APPROPRIATE OPTION STRATEGY
If you have mastered the skill of identifying reversals or swings within a trend, and know how to plan an exit strategy, you will be able to start buying calls and puts, or DITM options, which will take you to real profits! With Swing Trading, holding times are short (2-10 days) and so you minimize the effect of your arch enemy, TIME DECAY.

(iv) Day Trading
Day traders focus on the many small moves that happen during the trading day, mainly shown up by candlestick patterns. This strategy has a broker's requirement of a minimum of $25,000 to qualify, which knocks out many beginners.
APPROPRIATE OPTION STRATEGY
Option trading is not appropriate with this strategy. Broker fees for options trading are quite high, and Day Traders end up paying vast sums to their brokers.

In Summary:
If you own at least 100 units of a stock that is not particularly trending in any particular direction, sell Covered Calls each month in the option cycle.
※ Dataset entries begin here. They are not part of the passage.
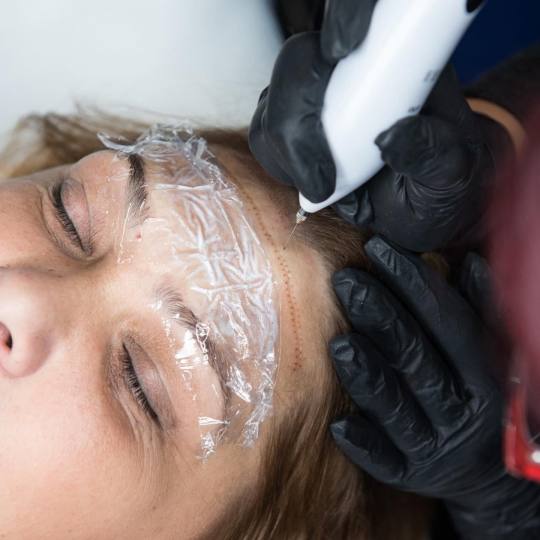 Ashanti Beauty Salon & Academy #beograd Tretman lica Plasma pen - horizontalne bore čela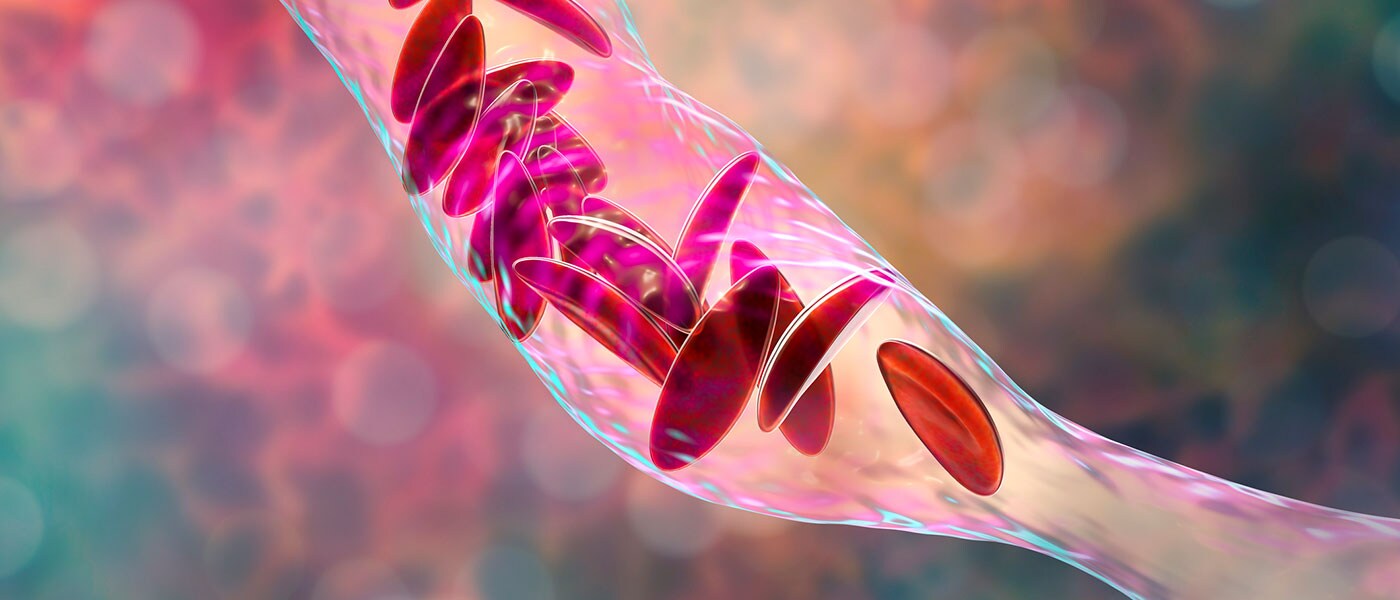 3D illustration showing clumps of sickle cell blocking the blood vessel 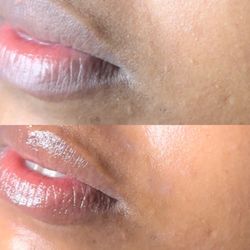 Oxygenation treatment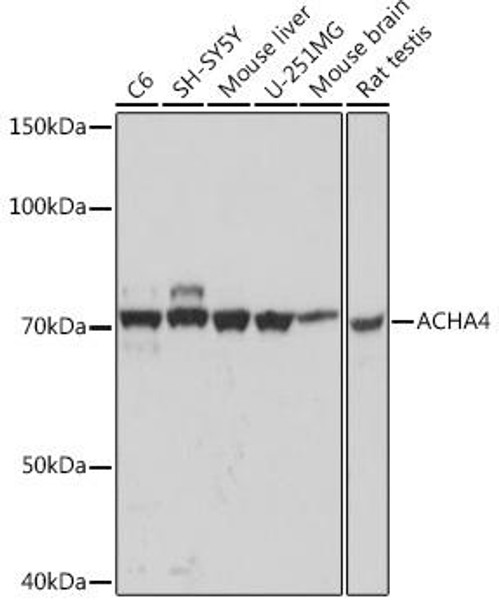 Anti-ACHA4 Antibody CAB0350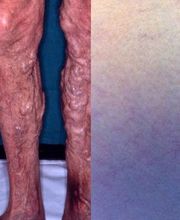 Consulta Barreiro-Vascular (Drs. A. Barreiro Mouro y J. Barreiro Veiguela) imagen 16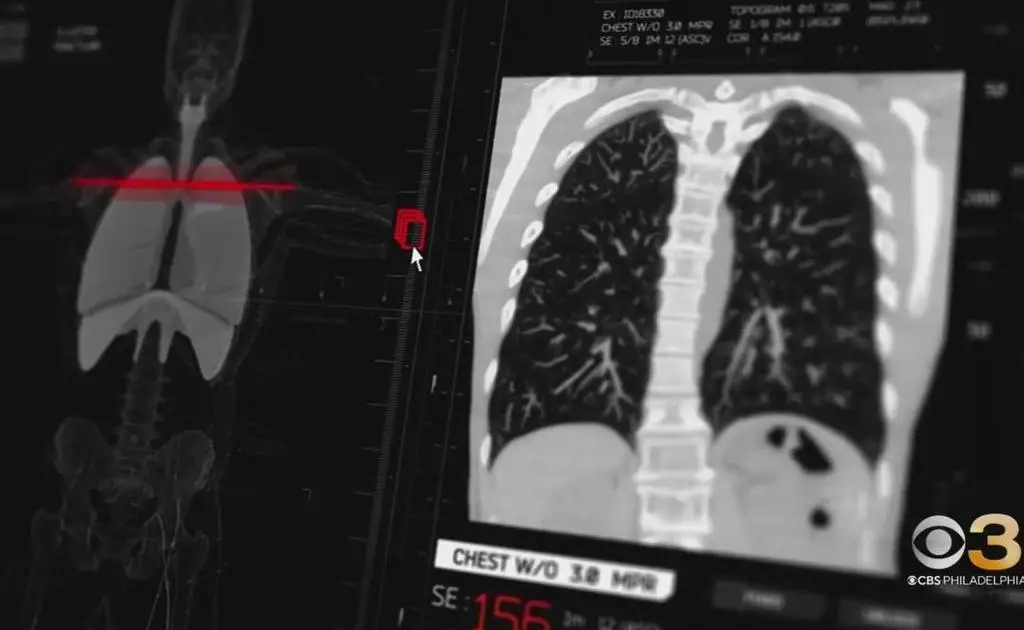 Robotic Technology That Can Discover Lung Cancer Early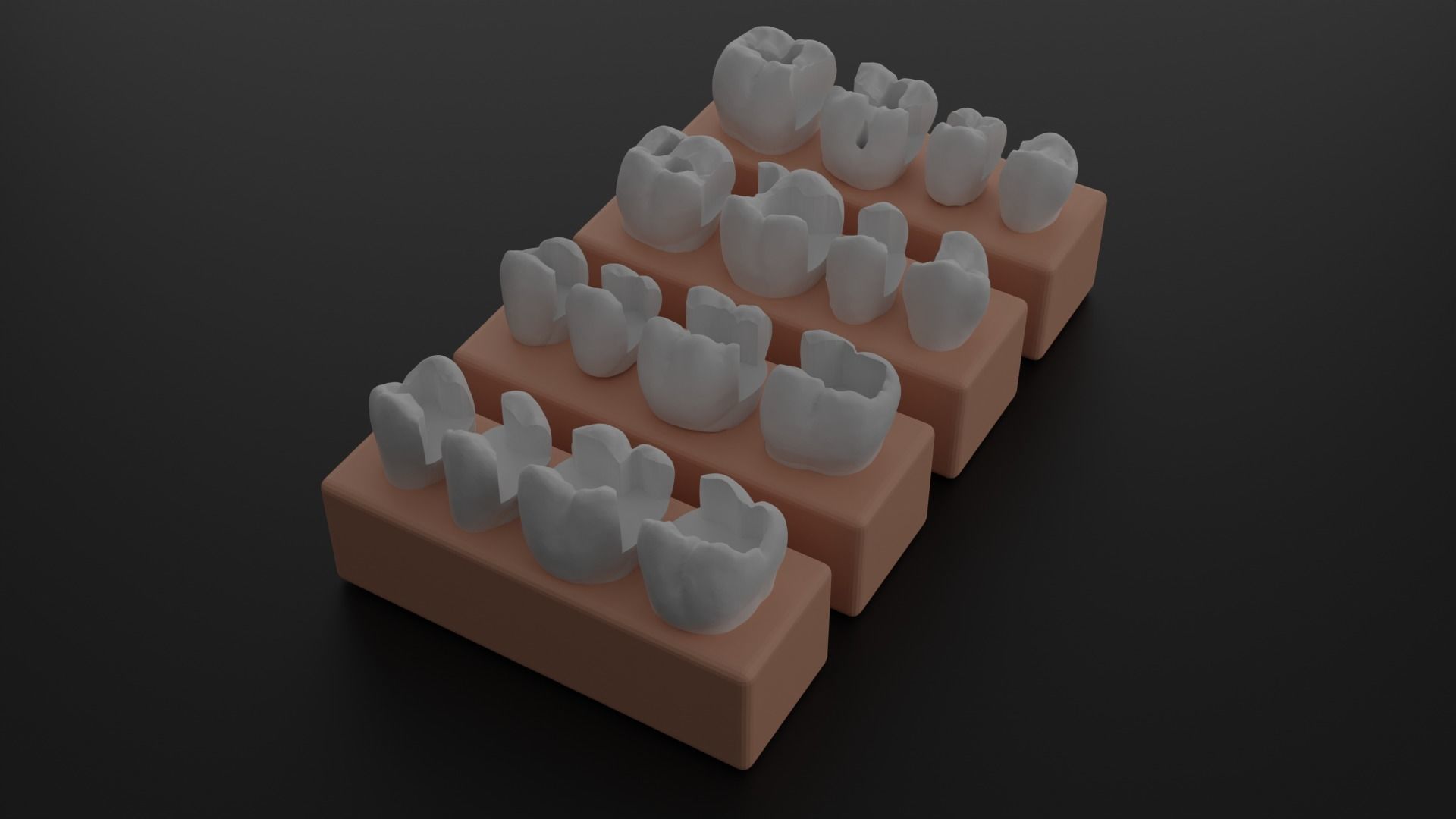 Platform teeth for students 3D print model_5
You can reduce the net price that you originally paid for the stock by between 5-12% each month.
If you have at least $1,000 in your account, and can identify a trend, you can easily sell Credit Spreads or Sell Naked Puts each month in the option cycle. If you have mastered Swing Trading principles, especially the idea of planning entries and exits, you can start to buy Calls and Puts, or DITM options and make phenomenal profits.